For several decades the Krauss 0-6-0T at Hedia Station in Saudi Arabia stood upright on a short siding to the east of the depot. Abandoned when the Hejazi section of the railway fell into disuse in 1925, the German-built locomotive was toppled from the track at some time in the 1980s. The common explanation, circulating among the expatriate community and more recently on social media, is that it was overturned by the local Bedouin in order to obtain wooden sleepers for firewood. However, an old photo of the locomotive clearly shows that metal sleepers, not wooden ones, were used in the construction of this section of track.
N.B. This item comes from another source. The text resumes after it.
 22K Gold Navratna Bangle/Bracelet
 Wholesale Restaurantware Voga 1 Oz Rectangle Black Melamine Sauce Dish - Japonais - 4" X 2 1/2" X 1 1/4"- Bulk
During the initial part of the 8-year construction project, wooden sleepers had been preferred, as they could be supplied from the Ottoman Empire's own forests in Anatolia, Macedonia and Syria. However, as the railway moved southwards, they were found to be unsuitable for the hotter temperatures, with the wood shrinking and splitting, causing the rails to work loose. This resulted in trains rolling heavily as they passed over the unstable track. In southern Jordan and the Hejazi sector therefore, steel sleepers were more commonly used, spaced 14 to a rail.
As well as the locomotive, there are the remains of two covered wagons, a tender and the base frames of four further wagons on the siding. The Krauss 0-6-0T was the original workhorse of the Hejaz Railway. In the early years of the building project, twelve were acquired. They were used to bring workers, rails, sleepers, building material and general provisions to the teams at the railhead.
Considering the considerable concerted effort that would have been required to overturn such a large item of rolling stock, one would imagine that it was not done for 'fun'. However, with the firewood theory discounted, for the time being it must remain a mystery as to why the locomotive was pushed over on its side.